Timezone: »

Discovered Policy Optimisation
Chris Lu · Jakub Kuba · Alistair Letcher · Luke Metz · Christian Schroeder de Witt · Jakob Foerster

Tue Nov 29 02:00 PM -- 04:00 PM (PST) @ Hall J #227

Tremendous progress has been made in reinforcement learning (RL) over the past decade. Most of these advancements came through the continual development of new algorithms, which were designed using a combination of mathematical derivations, intuitions, and experimentation. Such an approach of creating algorithms manually is limited by human understanding and ingenuity. In contrast, meta-learning provides a toolkit for automatic machine learning method optimisation, potentially addressing this flaw. However, black-box approaches which attempt to discover RL algorithms with minimal prior structure have thus far not outperformed existing hand-crafted algorithms. Mirror Learning, which includes RL algorithms, such as PPO, offers a potential middle-ground starting point: while every method in this framework comes with theoretical guarantees, components that differentiate them are subject to design. In this paper we explore the Mirror Learning space by meta-learning a “drift” function. We refer to the immediate result as Learnt Policy Optimisation (LPO). By analysing LPO we gain original insights into policy optimisation which we use to formulate a novel, closed-form RL algorithm, Discovered Policy Optimisation (DPO). Our experiments in Brax environments confirm state-of-the-art performance of LPO and DPO, as well as their transfer to unseen settings.

Author Information

Chris Lu (University of Oxford)
Jakub Kuba (UC Berkeley)
Alistair Letcher (None)
Luke Metz (Google Brain)
Christian Schroeder de Witt (University of Oxford)
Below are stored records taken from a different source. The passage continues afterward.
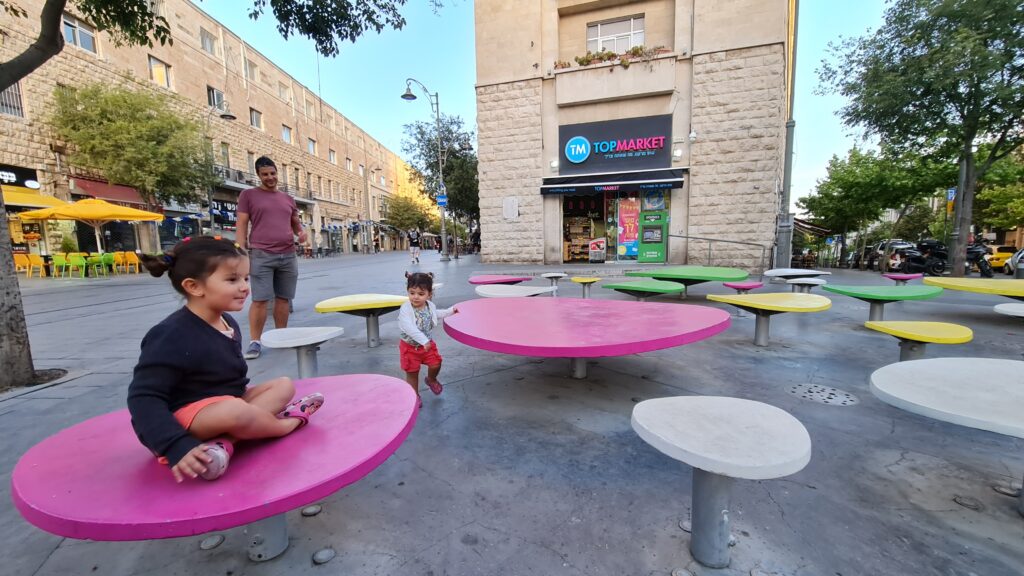 Jaffa Street em Jerusalém Ocidental: diversão para todos!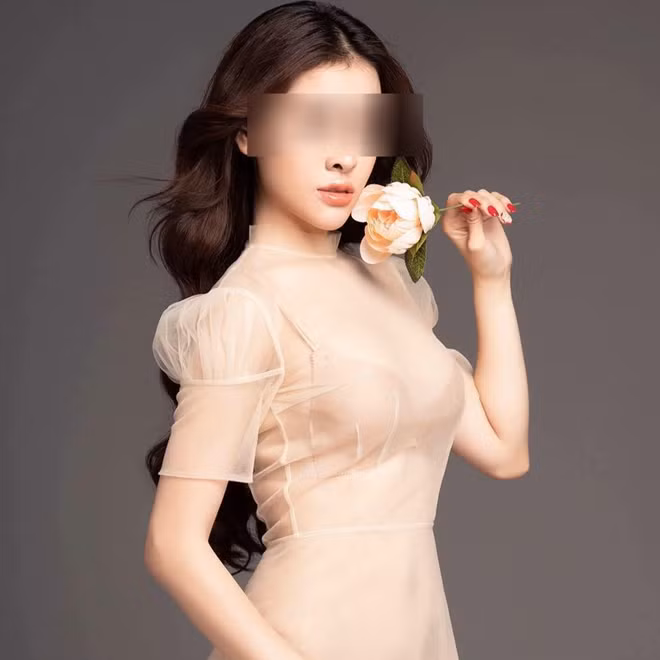 T.D - một người đẹp bị tước danh hiệu vì liên quan đến đường dây bán dâm.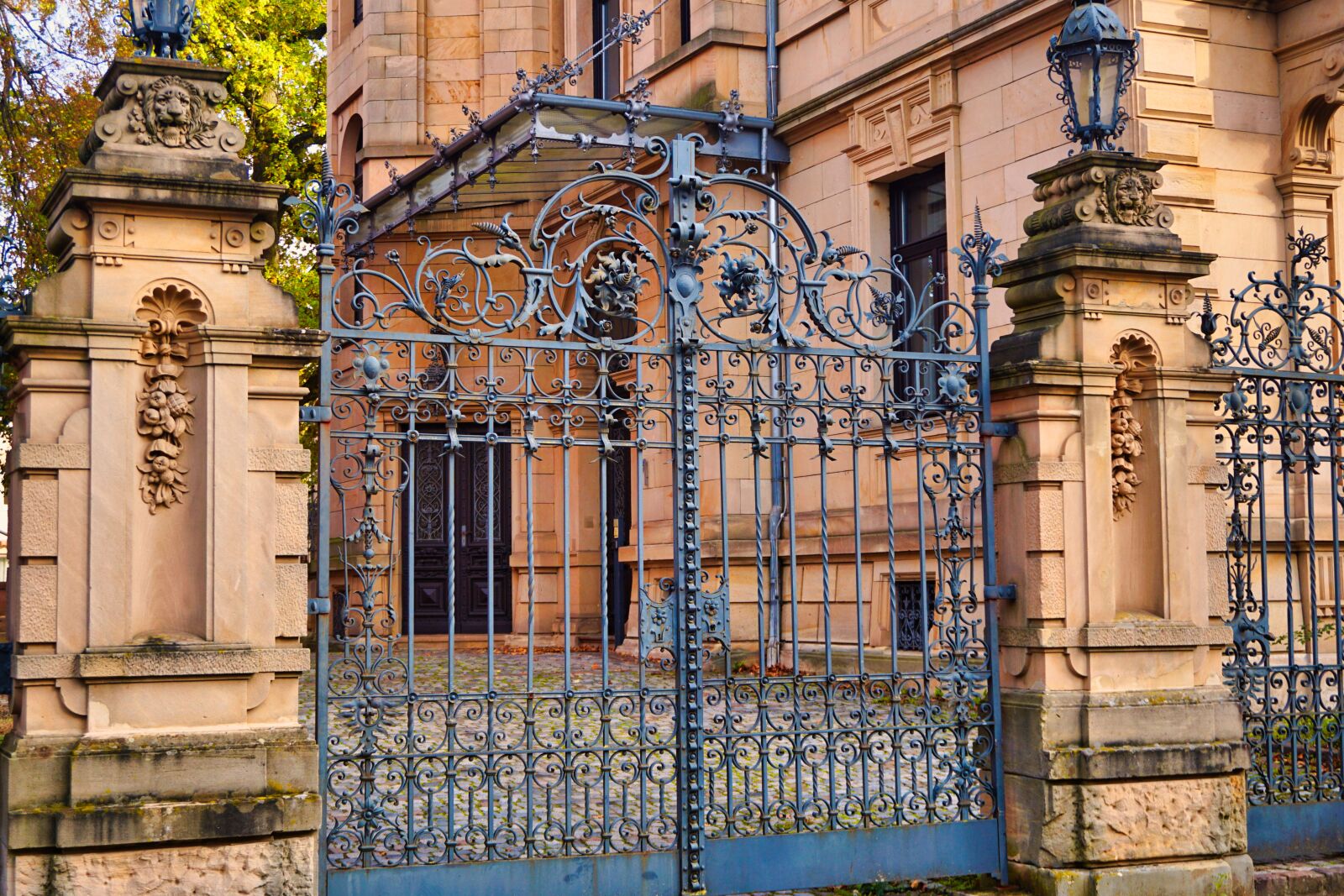 Sony E 16-50mm F3.5-5.6 PZ OSS sample photo. Town hall, goal, iron photography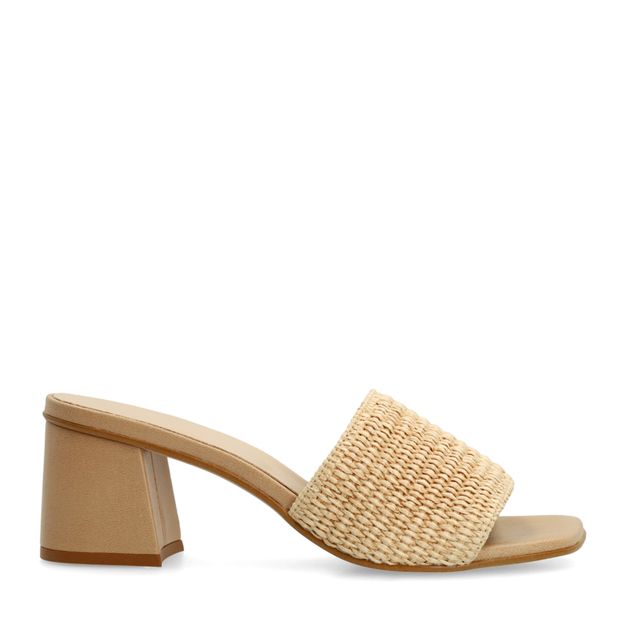 Beige muiltjes met blokhak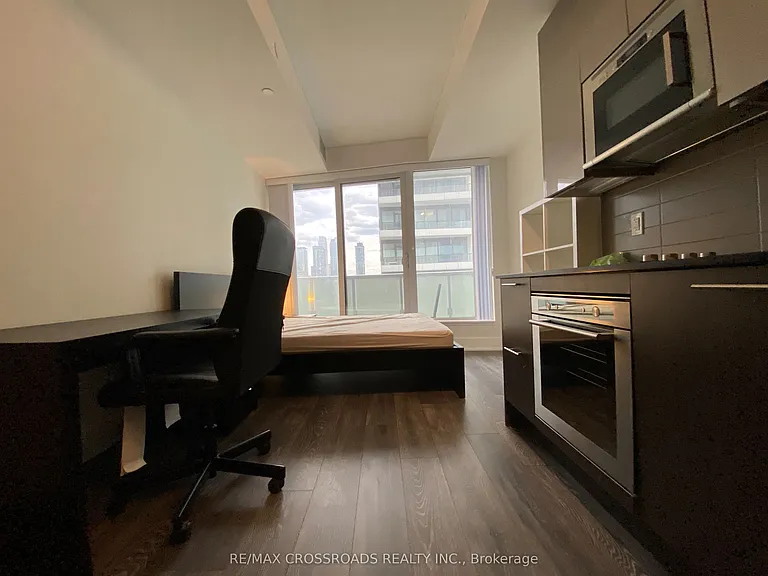 403 Church St #1906 — Photo 11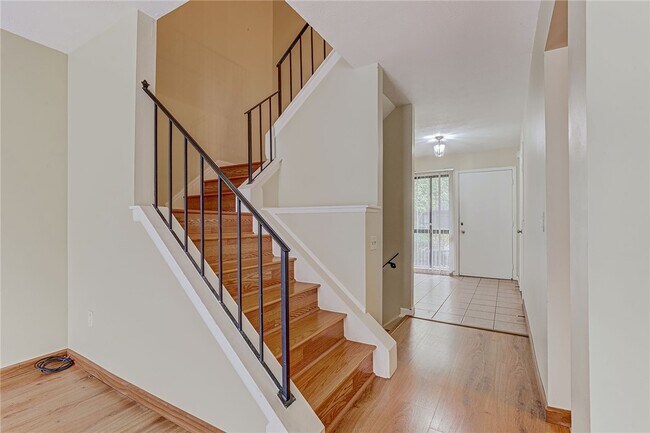 Building Photo - 79 Wintergreen Way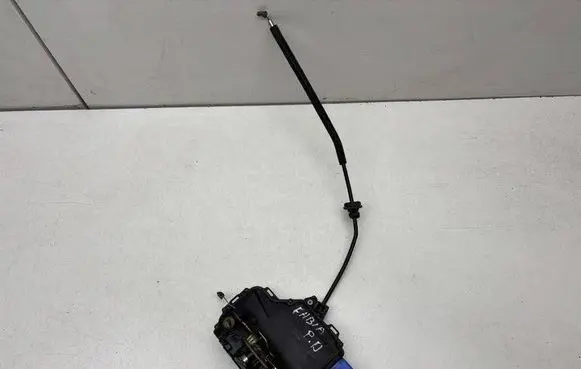 Skoda Fabia Mk1 (6Y) Front door lock 3B1837016S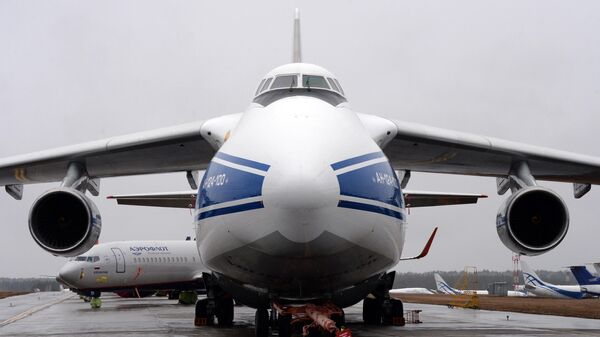 Тяжелый дальний транспортный самолет Ан-124-100 Руслан - Sputnik Беларусь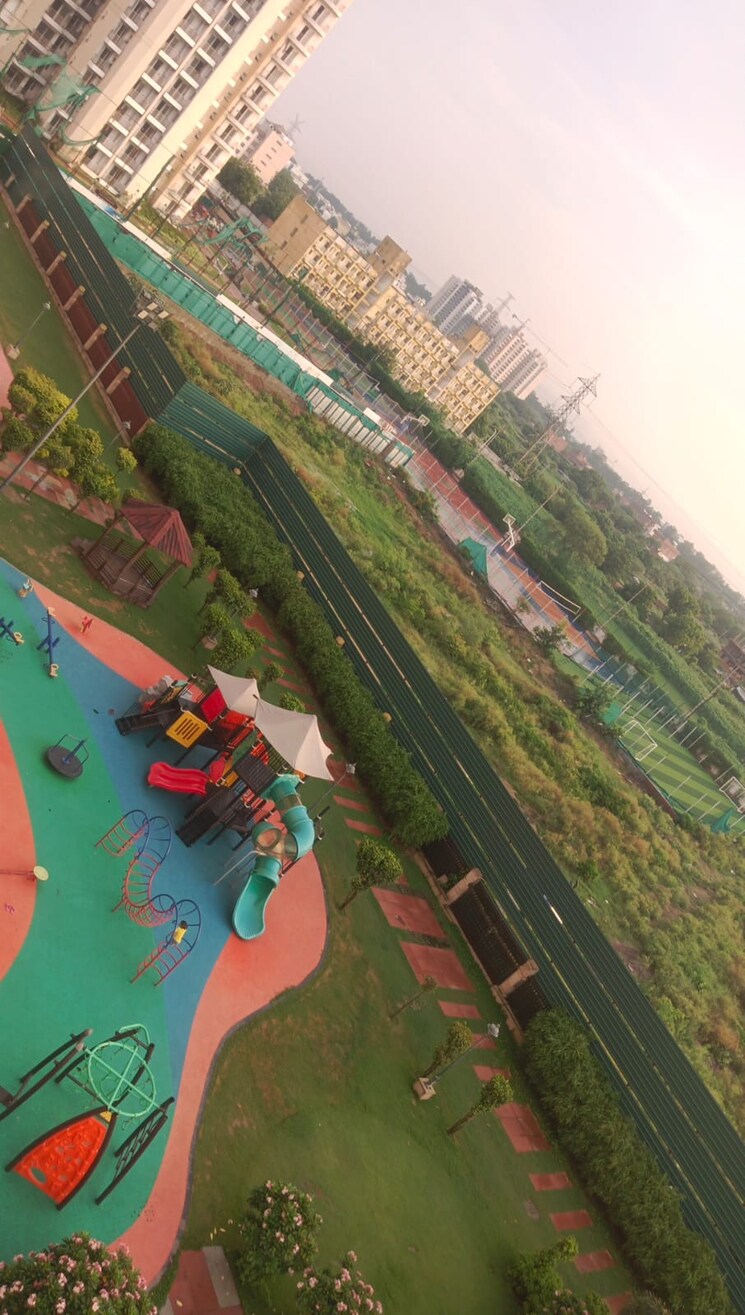 Garden, bptp-discovery-park 3 Bedroom 956 Sq.Ft. Apartment In Sector 80 Faridabad 8992789
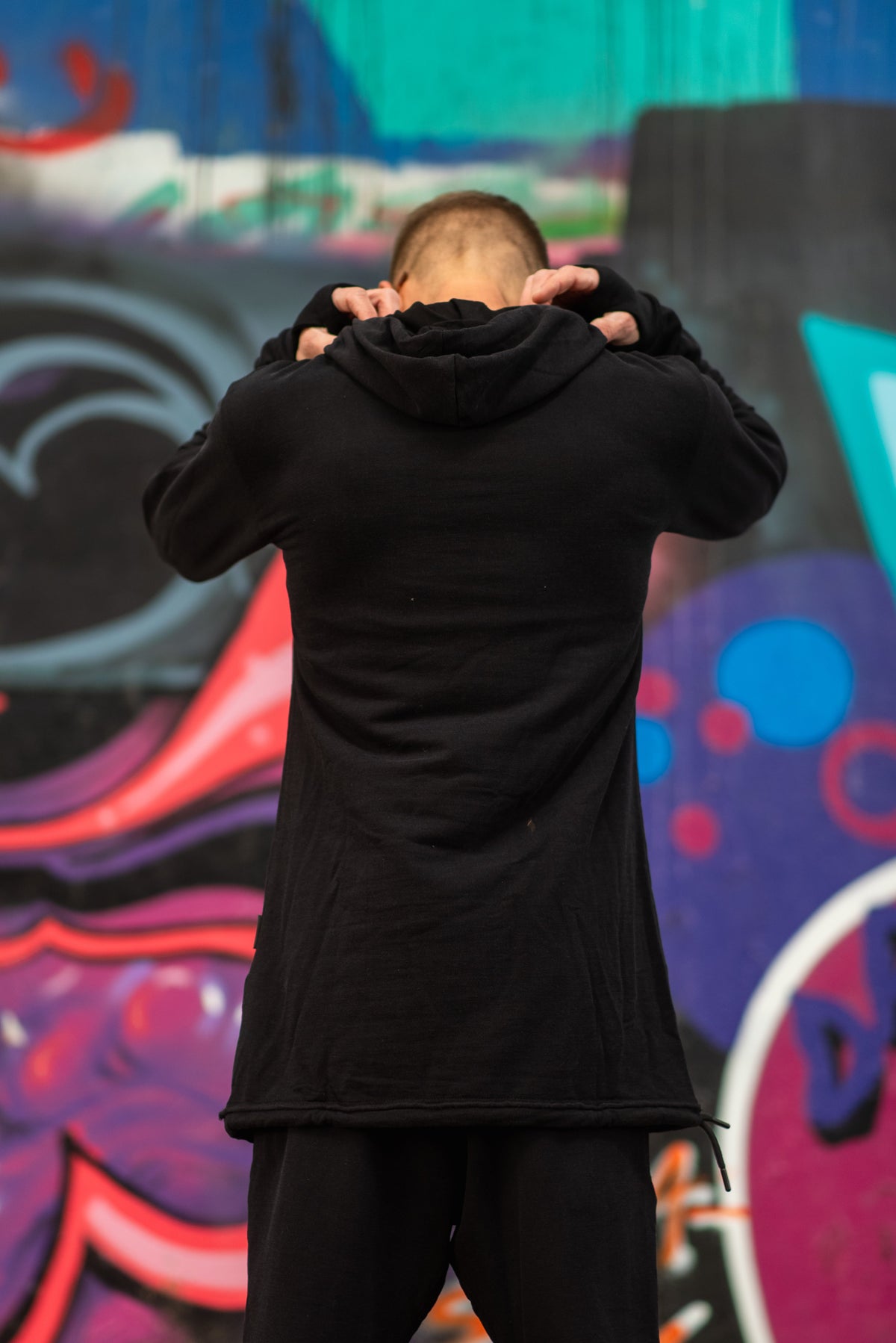 pullover hoodie in black, men's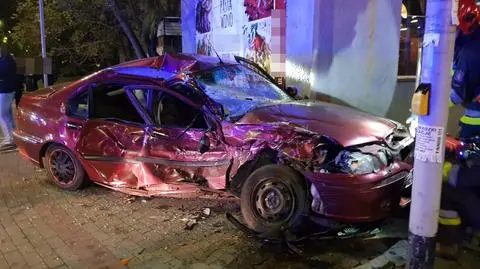 Próbował uniknąć kontroli drogowej. "Jazdę zakończył na słupie"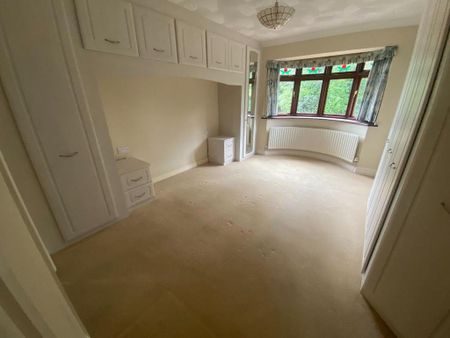 4 bedroom bungalow to rent - Photo 2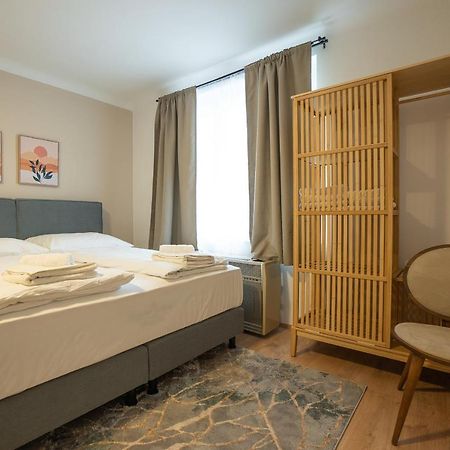 A 2-Bedroom Apartment With A King-Size Bed And A Balcony Is Located Just A 15-Minute Walk From Stephansplatz. Wina Bagian luar foto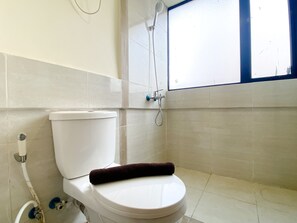 Appartamento | Bagno | Doccia, asciugamani, sapone, shampoo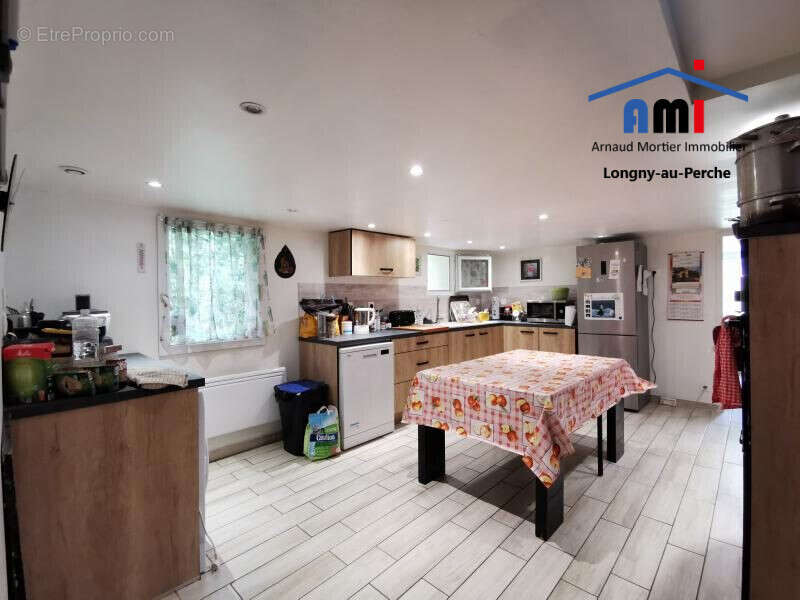 Maison à LONGNY-AU-PERCHE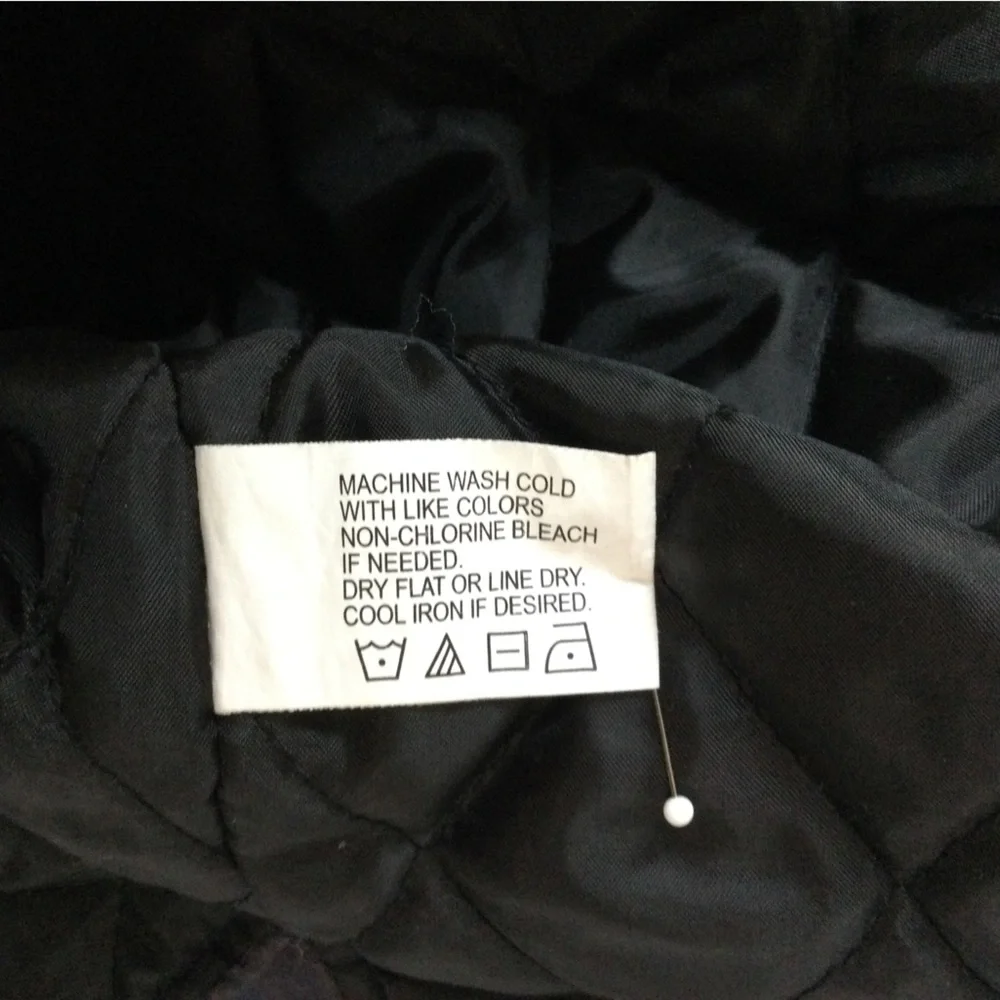 Canyon Guide Outfitters Hooded Quilted Jacket. Large - Picture 3 of 6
I am a 4th-year PhD student conducting fundamental algorithmic research in deep multi-agent reinforcement learning and climate change. My supervision is jointly between Prof. Shimon Whiteson (WhiRL - see my [profile](http://whirl.cs.ox.ac.uk/member/christian-schroeder-de-witt/)) and Prof. Philip Torr (Torr Vision Group).

Jakob Foerster (University of Oxford)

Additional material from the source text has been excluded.